足下の実体が悪いのに、むしろ期待先行が優先して株価などが上がっています。

それまでの現実の状況において起こったロス分を反映しない相場展開はいくらでも過去にはあります。

 

21世紀に入ってまず記憶に新しいところでは2001年秋の9-11テロのときでしょう。

飛行機がビルに激突した映像が流れて、それはたいへん大きなショックを社会に与えました。

そして米国市場は3週間ほどもストップするのを余儀なくされました。

 

10月になってマーケットは再開しましたが、時間がかなり経過していたこともあり、恐怖感はだいぶ薄らいでいました。

確かに10月中に米国株は年初来の安値を更新したのですが、すぐに切り返しました。むしろショートカバーが優勢となって、11月には下げ分をほぼ回復。

そして12月には年初来の高値を伺うほどまでリスクテークの流れが強まったのです。

 

まだ米国経済が本格的に立ち直っていないし、軍事的報復がどうなるのか、まだ不透明な状態であったのですから、期待だけで株価の上昇は保たないはずです。

そして実体を伴う株価の下げは翌年の秋に持ち越しとなりました。

2番底からの立ち直りを確認するためには、アメリカのイラク攻撃が実施される2003年春を待たねばなりませんでした。

 

現在のアナロジー

トランプ政権のやっていることを振り返ってみても、同じような事を演出していると見られます。

米中の貿易戦争ひとつ取ってみてもそうです。「部分的な合意」ができたとして、市場の不安感が払拭されたことを好感して米国株などは連日の史上最高値を更新してきています。

 

合意できたこと自体は確かに好材料なのですが、よく考えると貿易の外部環境はその騒動を起こす前よりも悪化しているのです。

追加関税は緩和されたとはいえ、相変わらず残っているわけですし、明らかに企業にとっても消費者にとってもコスト増になっています。

それにも関わらず、株価は高い水準を追いかけているのです。
S&P先物の週足

 

貿易戦争を引き起こす前よりも状況が悪いわけですし、少なくとも関税は高いのですから、貿易戦争が始まる前よりも株価は安くても構わないはずです。

これがファンダメンタルズ重視の姿勢というものです。

それが跳ね上がっているのですから、現在の株価が間違っているのか、それともファンダメンタルズが間違っているのかのどちらかです。

ファンダメンタルズの方が間違っているとしたら、誰もまともに投資をする意欲がなくなるでしょう。

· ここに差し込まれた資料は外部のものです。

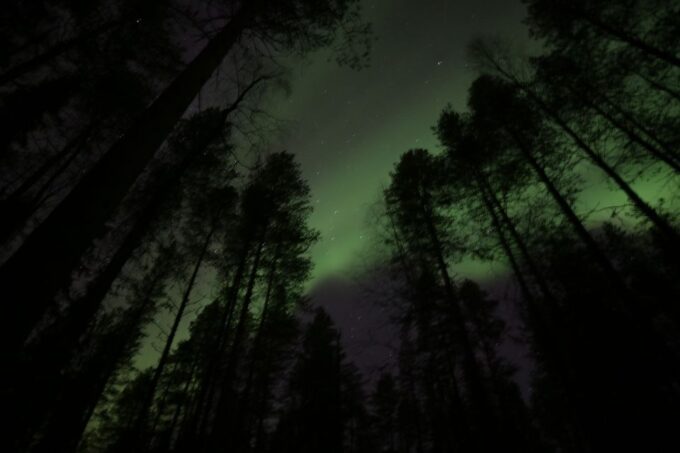 From Rovaniemi: Northern Lights Experience With Campfire - Sum Up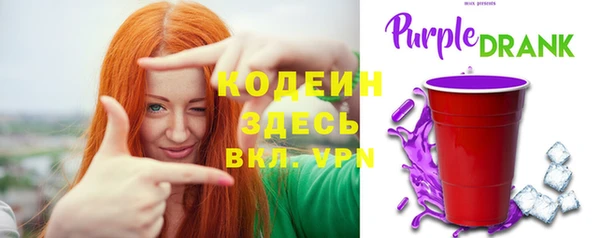 мдпв Кодинск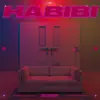 HABIBI - Single album lyrics, reviews, download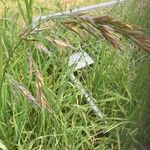 Bromus catharticus Blatt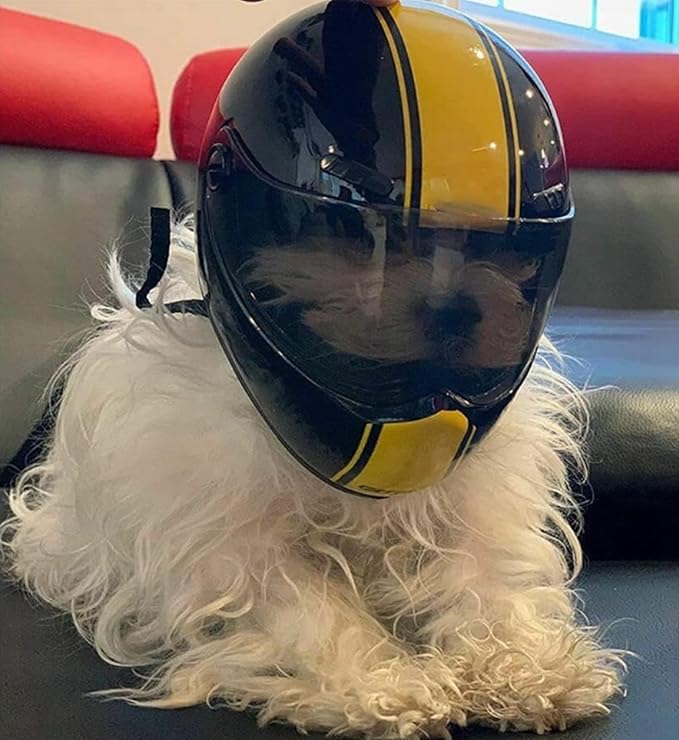 Pet Motorcycle Helmet Dog/Cat Full Face Motorcycle Helmet Outdoor Motorcycle Bike Riding Helmet Hat for Cat Dog Doggie Puppy Kitten Pet Supplies Racing Car Fan Collectible Small Gift (Black-Yellow)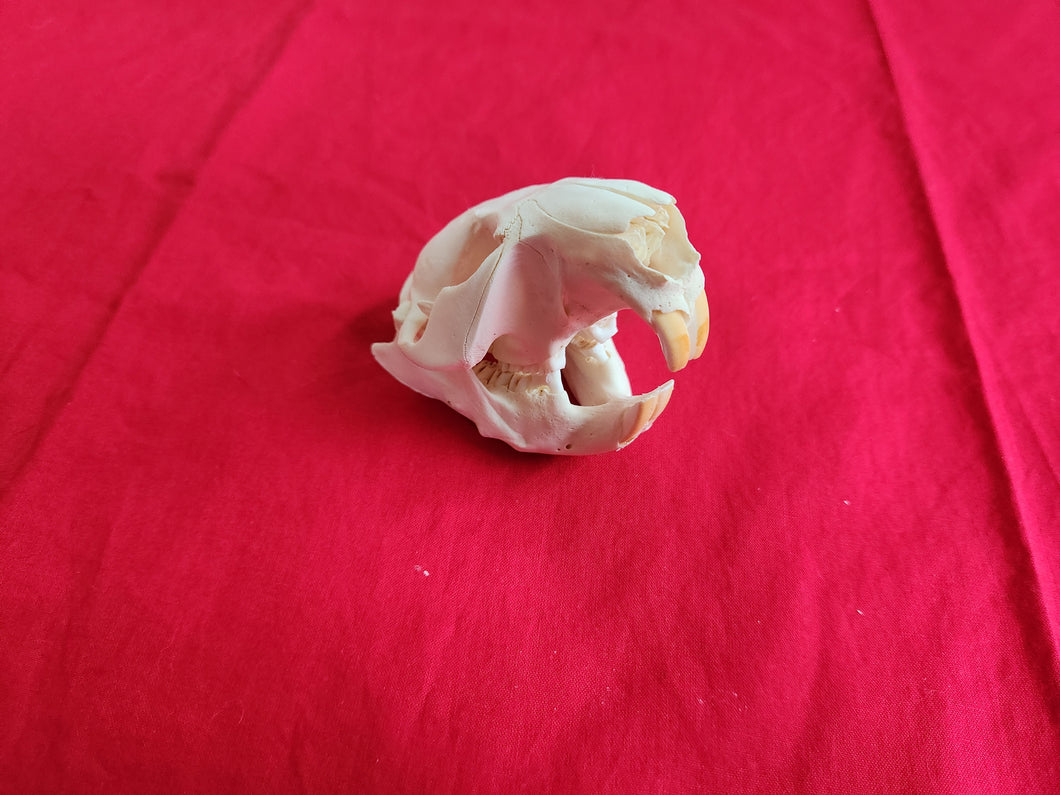 Small Beaver Skull - BVS1029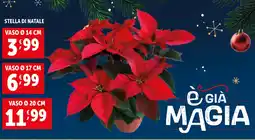 Deco Supermercati Stella di natale vaso ø 14 cm offerta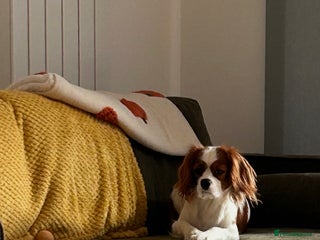 Cavalier King Charles Spaniel dogs for sale: 1 yr old Cavalier King Charles-Loving Home Needed - Advert 1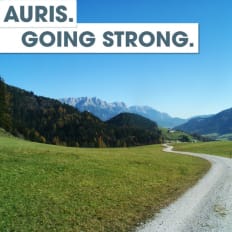 AURIS GROUP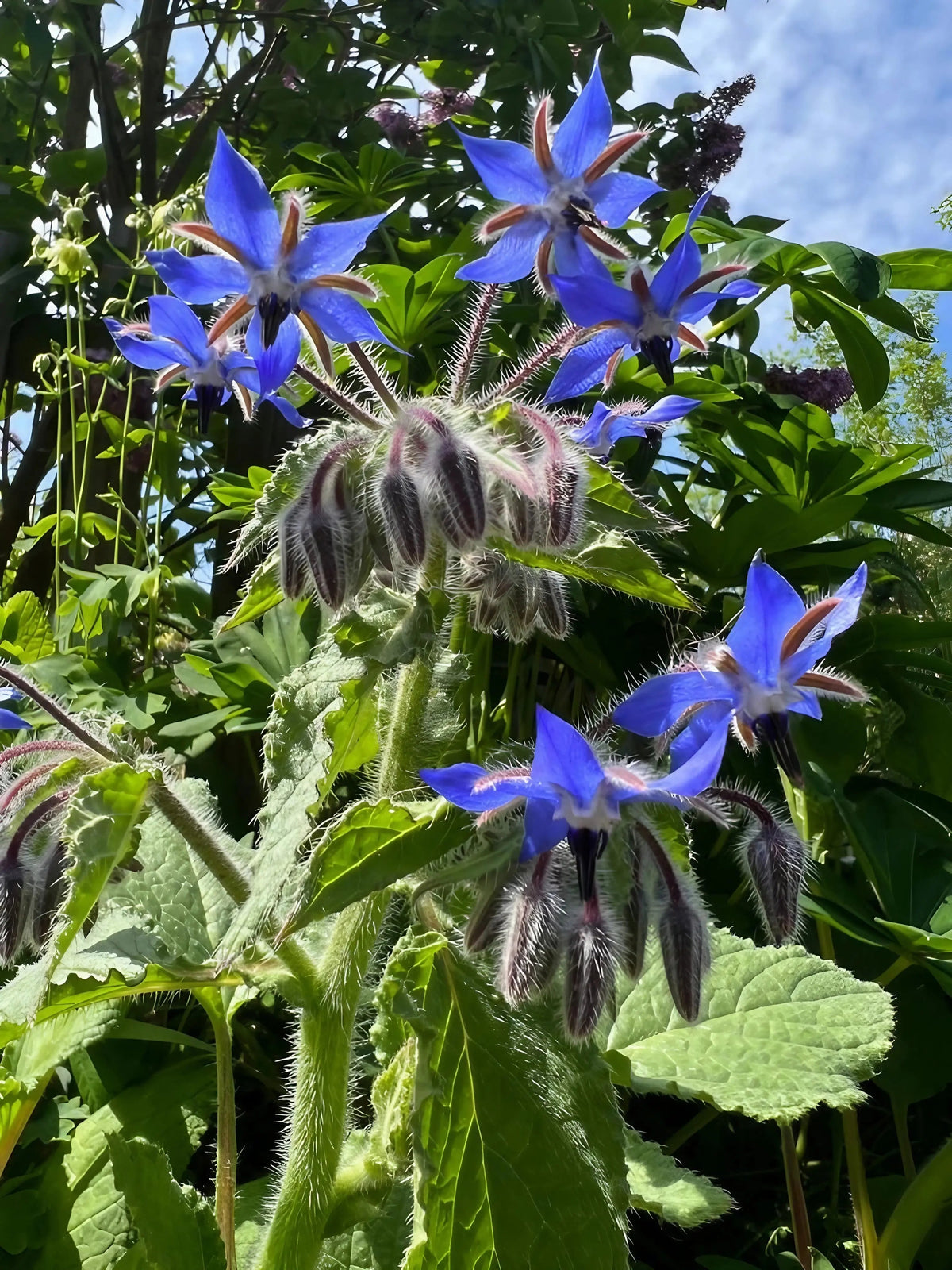 Borage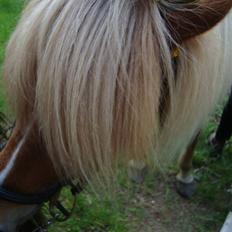 Islænder Björk Fra Porsmosen 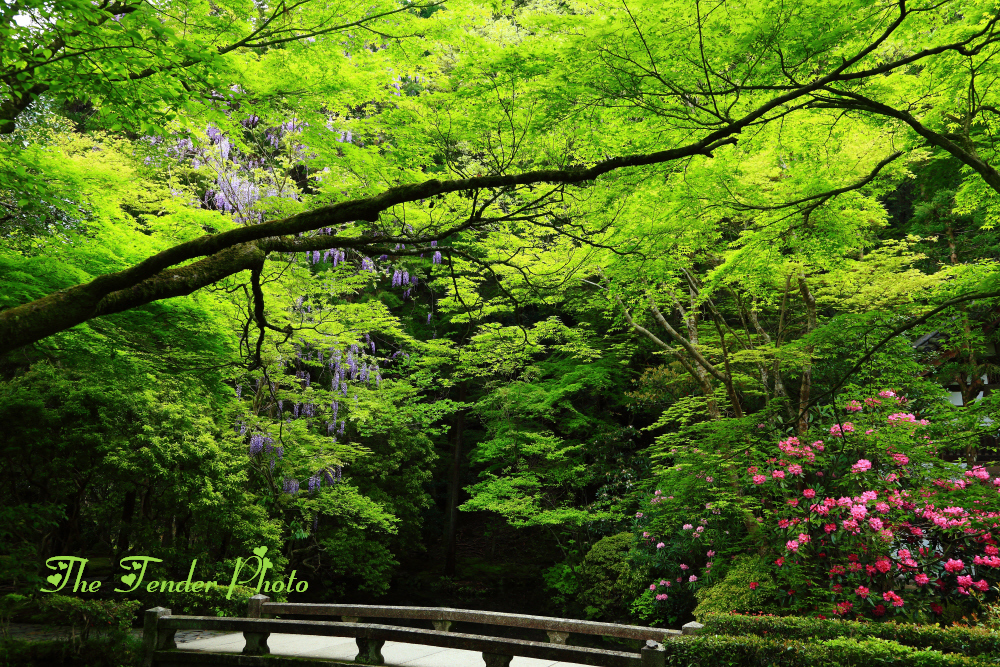 四季京艶　春　“新緑を渡る”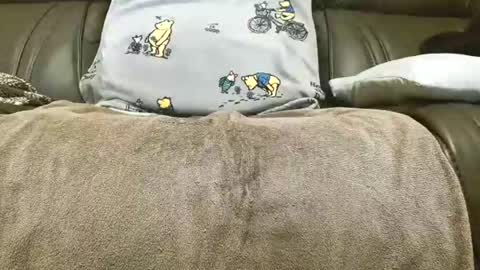 LuvmycockTS69 online show from November 13, 3:20 am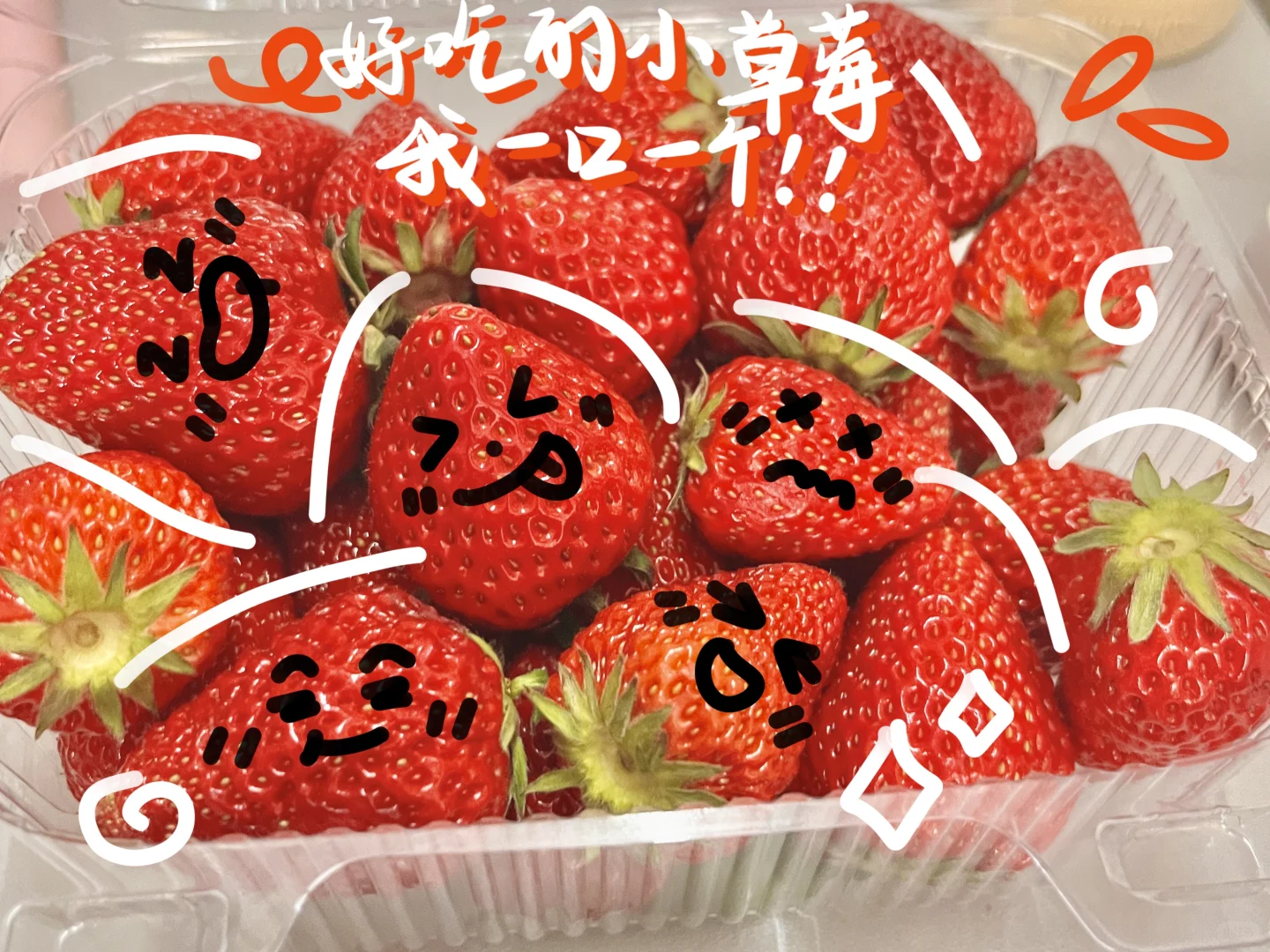 土のplog｜?夏天的水果是来报恩的吧?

実際には何も生み出さなくても、闘争や軋轢を生み出しておけば、それを修繕する姿勢を示すだけで手持ちのお金が増えるようなことがあるわけがないのですから。

 

2019年のマーケット

株価のほうはすでにお話ししてきたことですが、米国株を始め、リスクオンの流れが強まった1年でした。

そもそも昨年末に株が売られ過ぎていて、安いところから今年が始まったという要因もあります。

金利サイドは明らかに緩和方向に向かった1年でした。

 

FRBは否定はしているものの、結局のところ、トランプ大統領の利下げ要請に屈したと見られても仕方がありません。

その証拠に米国株は多少の修正があったにしても、やはり依然として歴史的な高値近辺に張り付いたままだからです。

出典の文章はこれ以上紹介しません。